_Activity_:
Look in the data below for the line that has "2Pack Silicone Teething", then print exactly every line from there through the line that has "AmazerBath Bamboo Over", leaving pictures out.

_Data provided_:
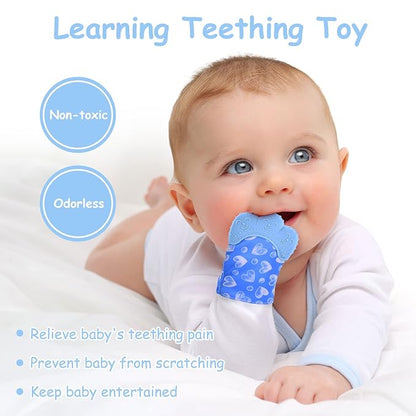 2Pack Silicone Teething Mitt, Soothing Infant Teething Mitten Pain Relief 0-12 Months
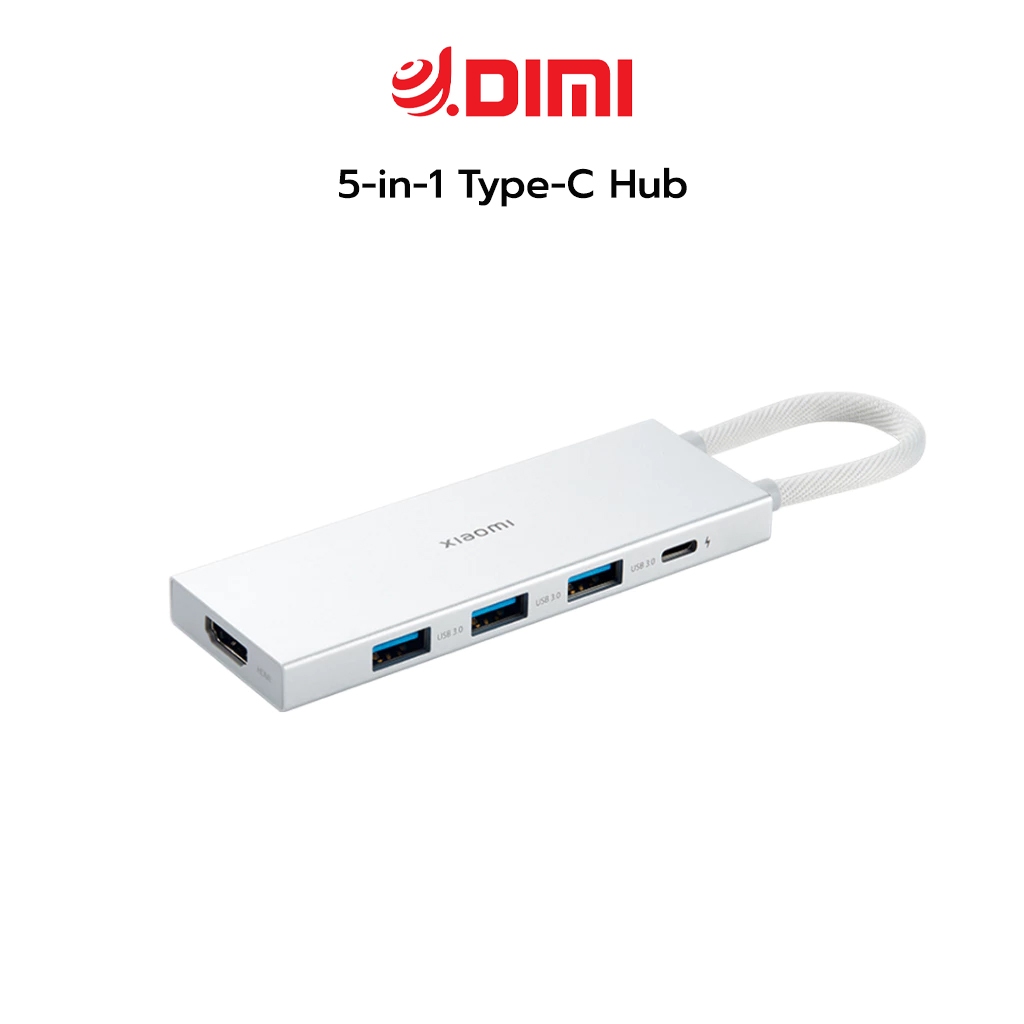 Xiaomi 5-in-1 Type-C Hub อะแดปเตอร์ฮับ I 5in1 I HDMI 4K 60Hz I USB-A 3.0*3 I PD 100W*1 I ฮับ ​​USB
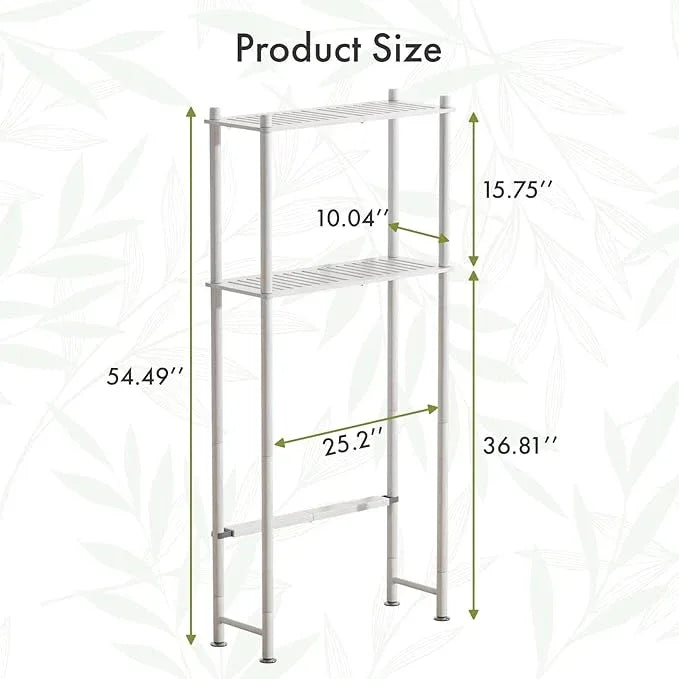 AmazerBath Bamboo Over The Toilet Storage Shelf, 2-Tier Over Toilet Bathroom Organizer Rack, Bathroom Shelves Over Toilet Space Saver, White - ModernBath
...
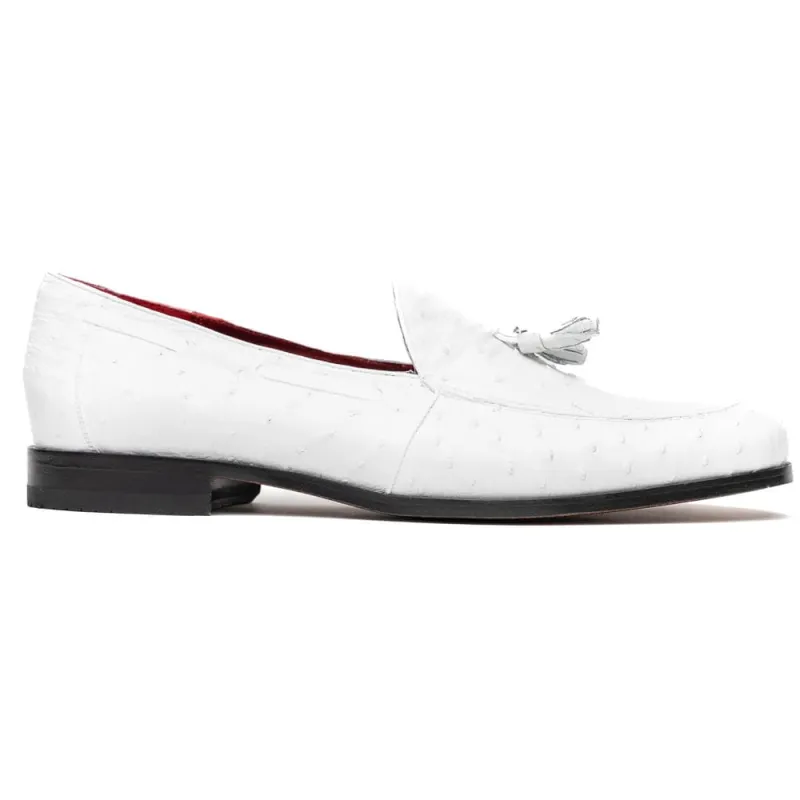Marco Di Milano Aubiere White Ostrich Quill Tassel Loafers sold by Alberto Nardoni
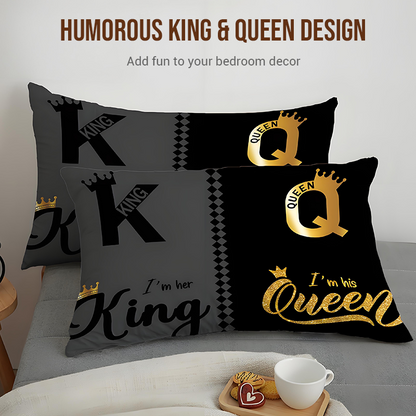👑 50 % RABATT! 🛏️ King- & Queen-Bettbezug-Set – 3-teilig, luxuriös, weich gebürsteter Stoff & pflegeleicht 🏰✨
...
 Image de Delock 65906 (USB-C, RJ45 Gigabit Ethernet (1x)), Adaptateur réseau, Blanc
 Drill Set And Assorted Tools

_Exercise solution_:
 2Pack Silicone Teething Mitt, Soothing Infant Teething Mitten Pain Relief 0-12 Months
 Xiaomi 5-in-1 Type-C Hub อะแดปเตอร์ฮับ I 5in1 I HDMI 4K 60Hz I USB-A 3.0*3 I PD 100W*1 I ฮับ ​​USB
 AmazerBath Bamboo Over The Toilet Storage Shelf, 2-Tier Over Toilet Bathroom Organizer Rack, Bathroom Shelves Over Toilet Space Saver, White - ModernBath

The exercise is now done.